Re: MHTML/HTTP 1.1 Conflicts

Well, the problem is that there is no "Guide to Developing Internet protocols"
document that I've seen, that sets out enough of the lore required.

The closest I've seen is an Internet Draft, that I saw some months ago, 
on application protocols; it was about 80% correct, but incomplete. (I don't 
have the reference handy)...  It drew some conclusions I don't think were 
warranted:  e.g. text protocols are good, while the real point is that 
protocols should be designed for extensibility up front, whether text or 
binary based. It happens that text protocols (e.g. RFC 822 decendends) are 
often easy to extend (at least in certain ways, as HTTP has been finding 
out, hard to extend in some other ways); we have another set of lessons 
that we've been learning the hard way.  As author of a binary applications
protocol that has been extended in many, many ways successfully, that
is the real lesson (note that the X Window System lacked a formal extension
mechanism until Version 11; thankfully, we were able to kill all older
versions of X, and survived to tell the tale).

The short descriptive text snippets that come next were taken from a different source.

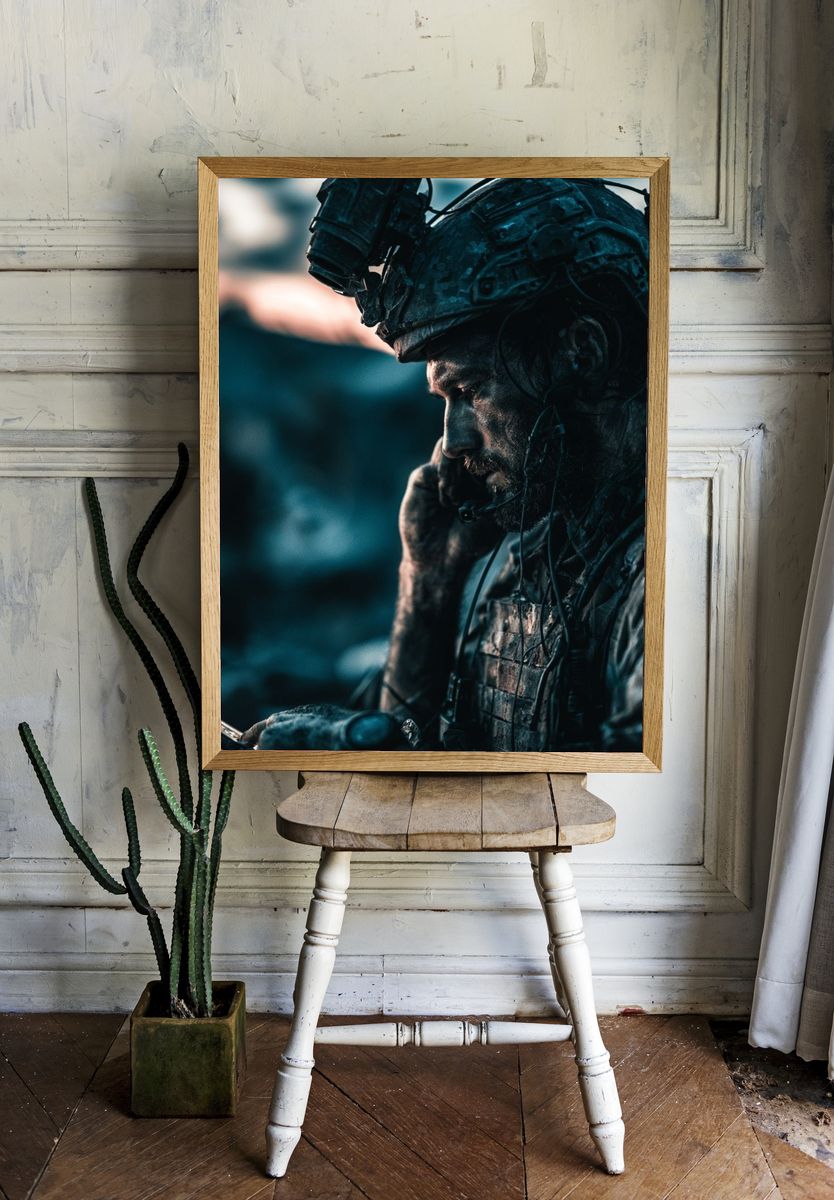Combat Soldier Portrait Poster. — room view 1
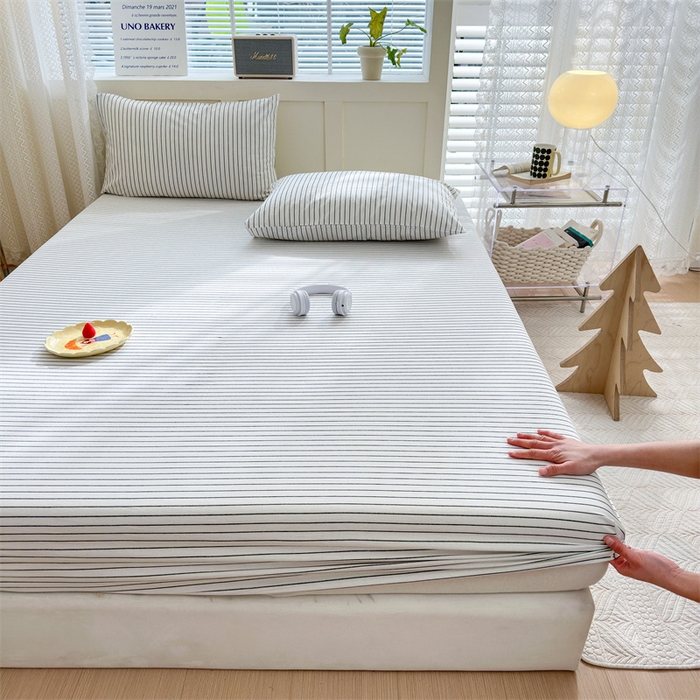 91家纺网 家纺一手货源 找家纺 北欧良品 2024新款水洗棉单品床笠、床单--格纹款（床笠、床单） 极简条白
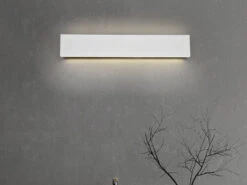 Trio Leuchten Flache LED Wandleuchte 2er Set Up & Down Light Weiß Matt - 3 Stufen Dimmer 47cm -Bestes Beleuchtungs Geschäft flache led wandleuchte 2er set up down light weiss 5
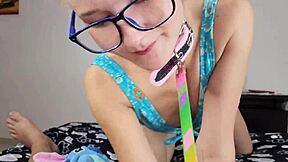 sexy slave gives deep blowjob to master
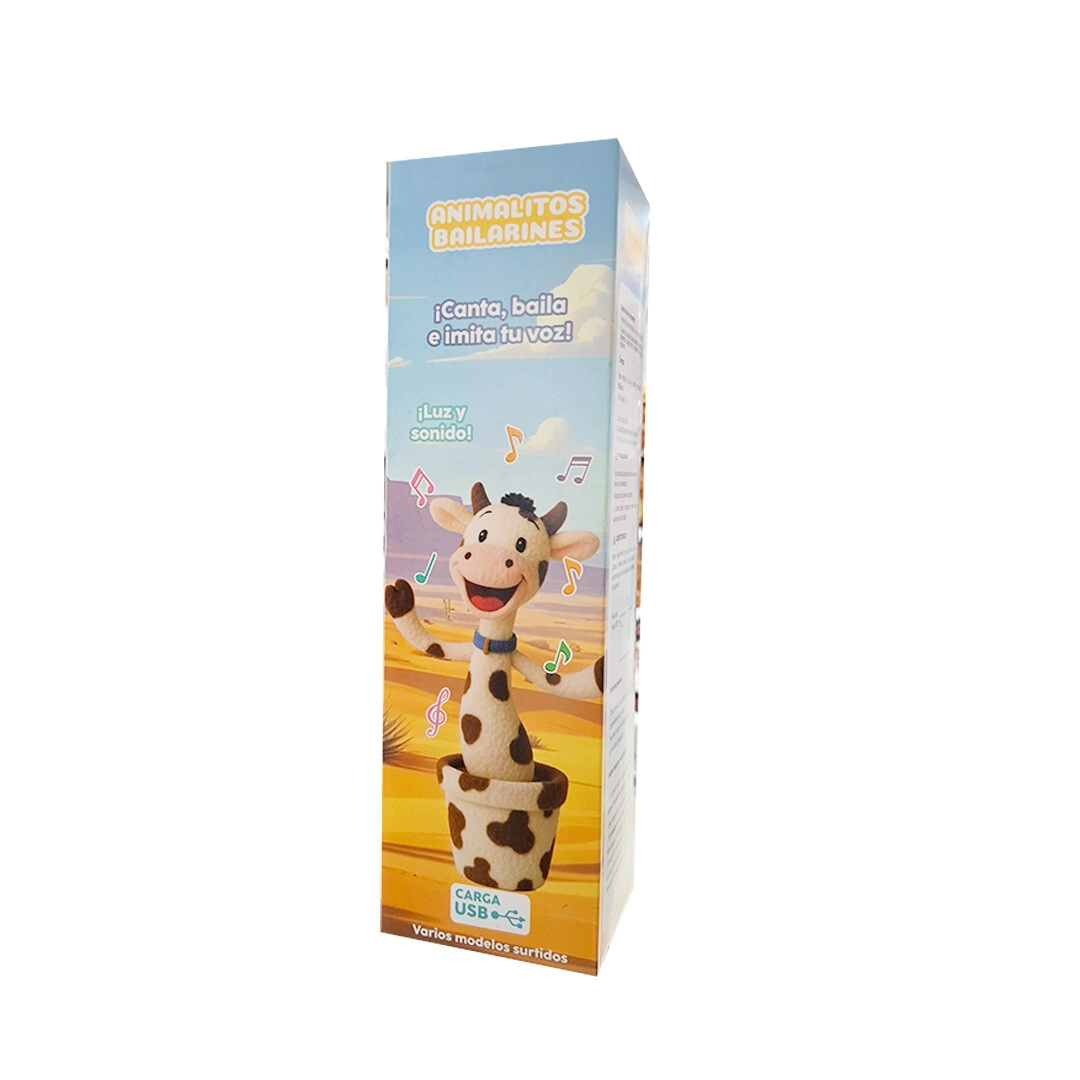 VACA BAILARINA LUZ Y SONIDO CARGA USB 30CM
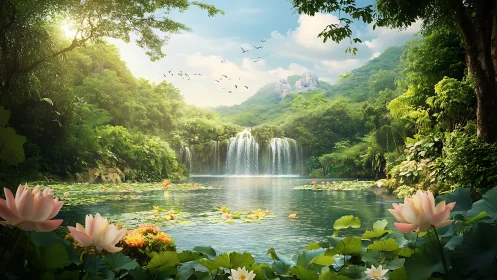 Lush waterfall lagoon glows with lilies under soft daylight.
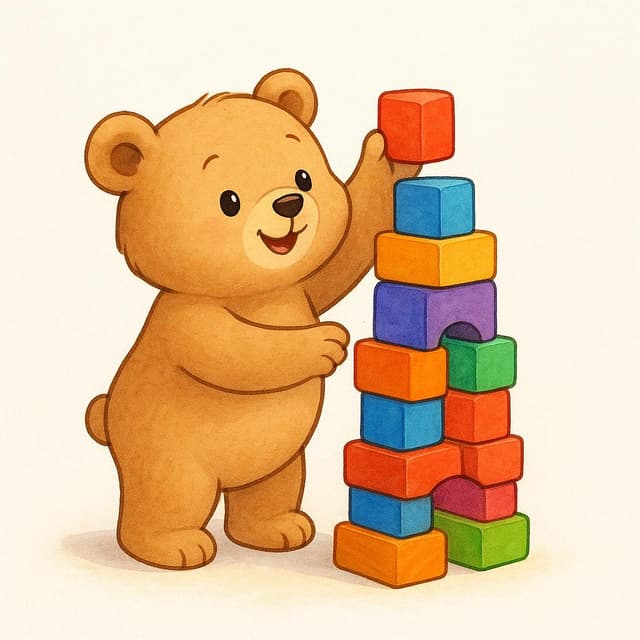 Ein lächelnder Bärenjunges vollendet einen Holzklotzturm, indem es den letzten Klotz daraufsetzt.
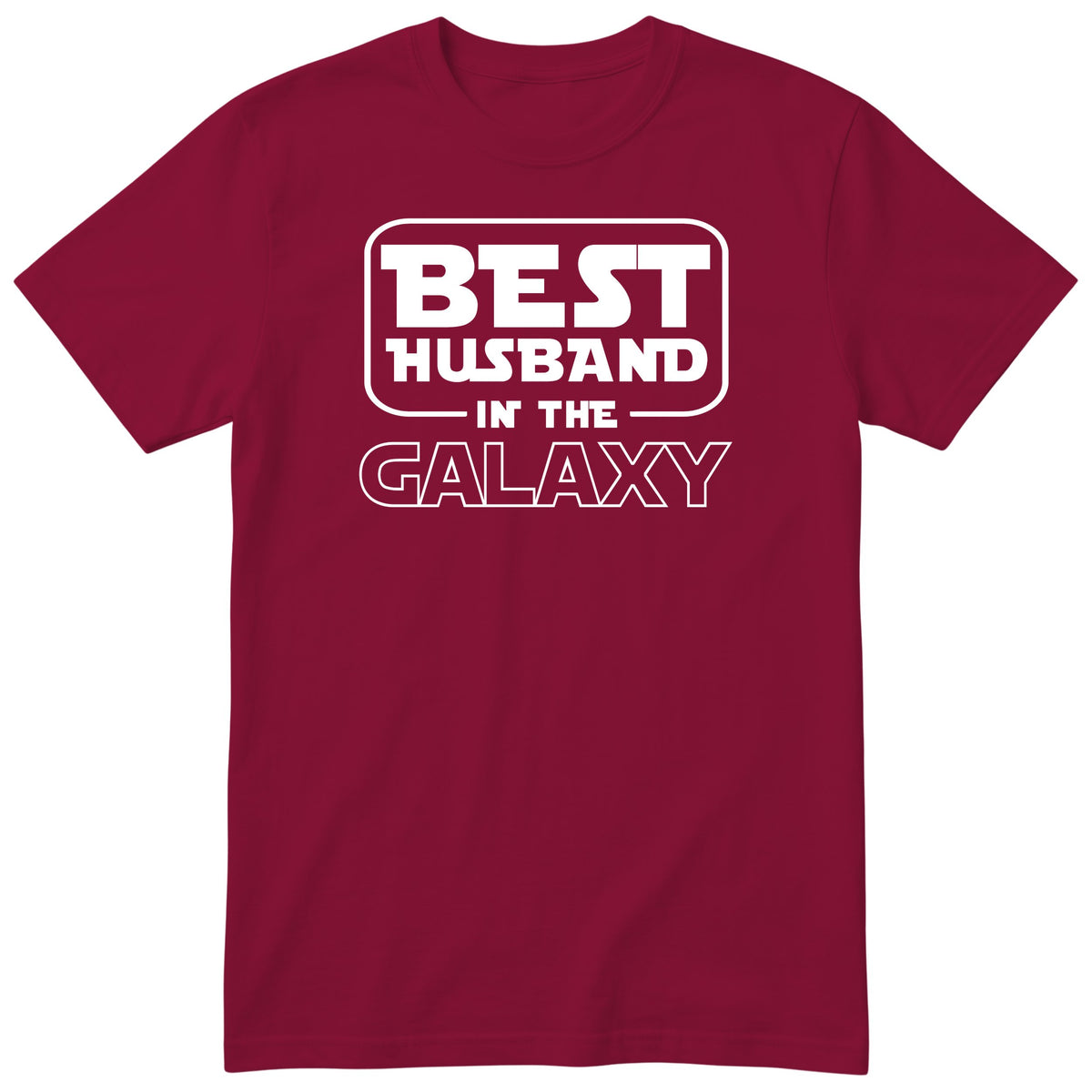 Burgundy Best Husband In The Galaxy t-shirt with bold space-age lettering - funny gift for husband from wife, English print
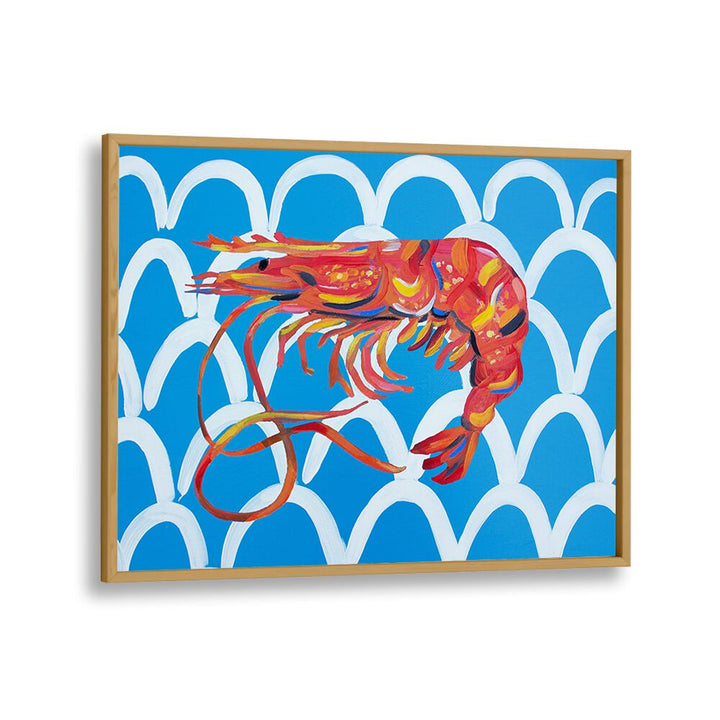 Prawn on Blue Wavey by Alice Straker Cafe Art Prints Cafe Posters in Oak Wood Plain Frame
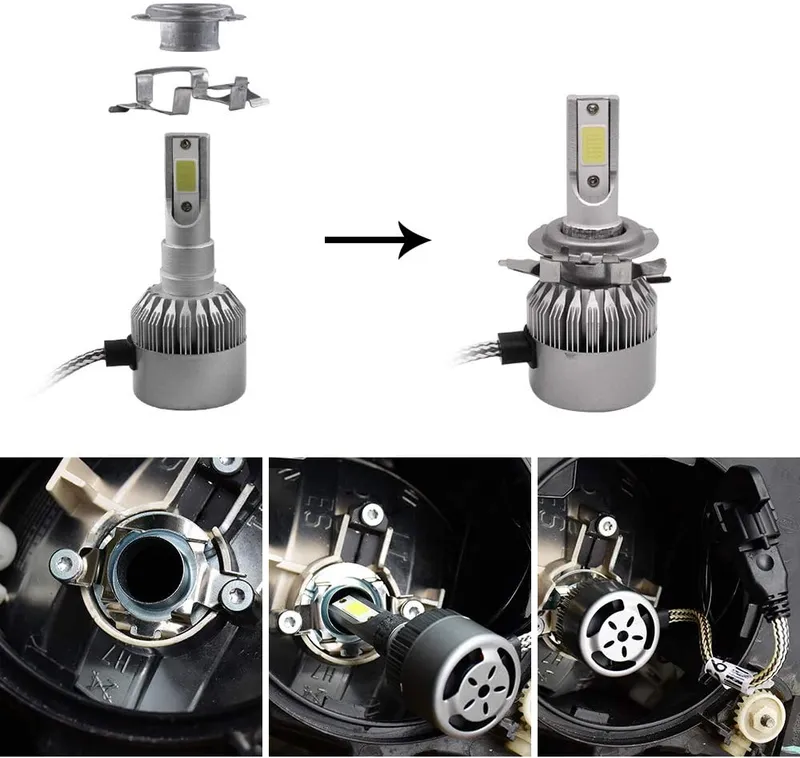 Комплект от 2 броя Адаптери за LED крушки H7 за Nissan Qashqai Нисан Кашкай, Bmw X5, БМВ Х5 Volkswagen Tiguan Тигуан, Touareg Туатег , Golf, Голф Polo Поло, Ford Focus Форд Фокус - 6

I think it would be worthwhile to have such a document, and would be willing 
to help raise it as an issue with the IAB.  Ultimately, it is the kind of 
guidance that the IAB should provide (or endorse someone's attempt at such 
guidance).
				- Jim


It would be good for such a document to try to collect the lore
of Internet Protocol design to help out newcomers...
				- Jim
--
Jim Gettys
Industry Standards and Consortia
Digital Equipment Corporation
Visting Scientist, World Wide Web Consortium, M.I.T.